Union of Students in Ireland (USI) today called on Senators to support a Labour private members motion this Wednesday, rejecting any move to implement an income-contingent loan scheme but instead to publicly invest in third level education.
In advance of the debate, USI President Michael Kerrigan said, “A decision to go ahead with an income-contingent loan scheme will increase emigration and sends a clear message to our future students: take your €20,000 debt, your degree, and get out. Ireland currently charges the 2nd highest higher education fees in Europe after the UK, and we’ve seen in the UK that the poorest students will graduate with £57,000 debt hanging over their heads. If our Government reduced fees by a minimum of €250 a year over the next decade we can actually claim to be an island of saints and scholars, and not debtors and emigrants”.
Over 12,000 people take to the streets on October 19th 2017 for publicly funded higher education4th year St Angela’s student, Lauren Devine, said, “I am currently over €12,000 in debt with student loans. It has seriously impacted on my studies and my own mental health as a result of working long hours every weekend and often midweek to try to pay it back at just a minimum of €70 per week I might add”.
Lauren Hayde, a 2nd year Waterford IT student, said, “The only way I would have been able to go to college was if I took out a student loan, and I did. I had to take out a €3,000 loan which just covered my accommodation for the year. I took this loan out over 5 years and will be left with this debt once I graduate, so if I am lucky enough to get a job straight out of college the money earned will just go back to paying off this loan. If I had the choice to never take out a loan I wouldn’t”.
On October 19th, 12,000 people took to the streets against income contingent loans and in favour of publicly funded higher education. The union have emphasised a 363% increase in the student contribution charge from €825 to €3000 while state funding has dropped almost 40%, from €1.4 billion to about €860 million has plunged the higher education system into this crisis.

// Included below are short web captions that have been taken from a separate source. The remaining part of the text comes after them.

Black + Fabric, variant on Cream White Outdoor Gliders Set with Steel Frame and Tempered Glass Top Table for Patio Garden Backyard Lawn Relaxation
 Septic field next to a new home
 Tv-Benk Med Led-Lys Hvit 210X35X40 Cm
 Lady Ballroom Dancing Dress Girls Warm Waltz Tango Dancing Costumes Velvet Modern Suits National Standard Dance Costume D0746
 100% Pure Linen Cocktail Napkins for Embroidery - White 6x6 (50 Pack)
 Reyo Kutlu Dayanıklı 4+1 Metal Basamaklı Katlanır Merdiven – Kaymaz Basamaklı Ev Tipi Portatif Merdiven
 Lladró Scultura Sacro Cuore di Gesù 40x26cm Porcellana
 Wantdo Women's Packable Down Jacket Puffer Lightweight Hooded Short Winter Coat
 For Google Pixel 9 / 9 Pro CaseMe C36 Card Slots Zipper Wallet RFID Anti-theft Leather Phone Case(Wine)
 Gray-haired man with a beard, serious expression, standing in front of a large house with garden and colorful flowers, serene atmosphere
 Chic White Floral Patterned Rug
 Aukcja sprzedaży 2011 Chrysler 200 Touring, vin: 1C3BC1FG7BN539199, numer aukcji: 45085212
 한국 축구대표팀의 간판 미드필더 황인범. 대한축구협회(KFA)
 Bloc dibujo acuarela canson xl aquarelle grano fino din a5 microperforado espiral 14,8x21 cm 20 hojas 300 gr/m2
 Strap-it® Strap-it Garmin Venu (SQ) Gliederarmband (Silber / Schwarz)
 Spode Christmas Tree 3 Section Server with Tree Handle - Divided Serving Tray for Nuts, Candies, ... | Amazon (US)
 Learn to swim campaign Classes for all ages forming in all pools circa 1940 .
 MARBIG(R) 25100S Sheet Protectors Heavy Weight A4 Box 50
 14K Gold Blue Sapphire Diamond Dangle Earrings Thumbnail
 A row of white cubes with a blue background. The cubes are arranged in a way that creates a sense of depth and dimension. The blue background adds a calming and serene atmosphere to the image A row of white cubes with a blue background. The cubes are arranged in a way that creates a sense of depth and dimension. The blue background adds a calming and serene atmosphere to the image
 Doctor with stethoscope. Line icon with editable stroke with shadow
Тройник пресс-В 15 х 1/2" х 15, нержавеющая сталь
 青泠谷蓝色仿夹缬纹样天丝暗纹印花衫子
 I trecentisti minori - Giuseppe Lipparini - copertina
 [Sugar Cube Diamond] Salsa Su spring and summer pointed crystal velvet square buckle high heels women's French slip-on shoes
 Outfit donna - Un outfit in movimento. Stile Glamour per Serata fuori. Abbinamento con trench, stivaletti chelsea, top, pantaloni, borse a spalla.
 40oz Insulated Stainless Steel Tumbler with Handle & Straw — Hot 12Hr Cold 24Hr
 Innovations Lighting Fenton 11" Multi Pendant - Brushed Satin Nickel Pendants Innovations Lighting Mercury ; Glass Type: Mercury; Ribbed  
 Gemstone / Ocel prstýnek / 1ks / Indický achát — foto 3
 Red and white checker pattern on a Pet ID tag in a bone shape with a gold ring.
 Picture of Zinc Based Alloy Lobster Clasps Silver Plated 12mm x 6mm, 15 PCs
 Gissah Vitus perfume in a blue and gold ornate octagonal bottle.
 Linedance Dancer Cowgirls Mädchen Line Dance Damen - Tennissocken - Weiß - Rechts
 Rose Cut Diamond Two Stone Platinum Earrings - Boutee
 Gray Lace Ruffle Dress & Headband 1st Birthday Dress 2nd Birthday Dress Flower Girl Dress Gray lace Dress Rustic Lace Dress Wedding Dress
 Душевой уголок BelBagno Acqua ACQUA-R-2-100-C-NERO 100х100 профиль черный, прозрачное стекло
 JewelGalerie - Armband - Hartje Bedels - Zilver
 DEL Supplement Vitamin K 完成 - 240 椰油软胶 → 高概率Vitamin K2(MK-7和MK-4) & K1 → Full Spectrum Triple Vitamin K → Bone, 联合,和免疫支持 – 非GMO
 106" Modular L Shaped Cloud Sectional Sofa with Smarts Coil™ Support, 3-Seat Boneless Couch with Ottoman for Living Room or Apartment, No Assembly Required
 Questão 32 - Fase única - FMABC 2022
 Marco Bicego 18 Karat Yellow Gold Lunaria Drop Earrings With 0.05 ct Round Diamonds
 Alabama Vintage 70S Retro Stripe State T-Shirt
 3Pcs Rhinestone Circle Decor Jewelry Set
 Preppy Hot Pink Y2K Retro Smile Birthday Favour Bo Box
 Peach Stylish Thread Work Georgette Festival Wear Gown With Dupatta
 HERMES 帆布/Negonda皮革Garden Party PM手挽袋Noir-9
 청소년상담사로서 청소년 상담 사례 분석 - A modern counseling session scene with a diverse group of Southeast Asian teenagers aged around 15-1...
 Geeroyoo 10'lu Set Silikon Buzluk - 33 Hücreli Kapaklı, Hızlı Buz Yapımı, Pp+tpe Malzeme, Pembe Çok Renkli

USI is the national representative body for the 354,000 students in third level education on the Island of Ireland. USI works to improve and protect the lives of students every day on academic and social issues through campaigns, training and research. USI proposes that the government further subsidise higher education institutions by a minimum of €17.5m in order to deliver a reduction in the Student Contribution Charge of at least €250.
Research shows income-contingent loans would cost €10bn over 12 years. The financial strain of college and the effects of student debt spans across all communities and groups including parents, children, staff and teachers – not just students. America’s student loan debt ($1tn+) is greater in value than the combined economies of Ireland, New Zealand, and Australia. With 10 of 14 Institutes of Technology in serious financial difficulty, using student debt to plug this gap will see our institutions collapse.
There is a need for additional annual funding of €600 million by 2021 and €1 billion by 2030 to deliver higher quality outcomes and provide for increased demographics. This target can be reached by increasing percentage of tax revenue as a % of GDP (currently at 30%) to the OECD average of 34%.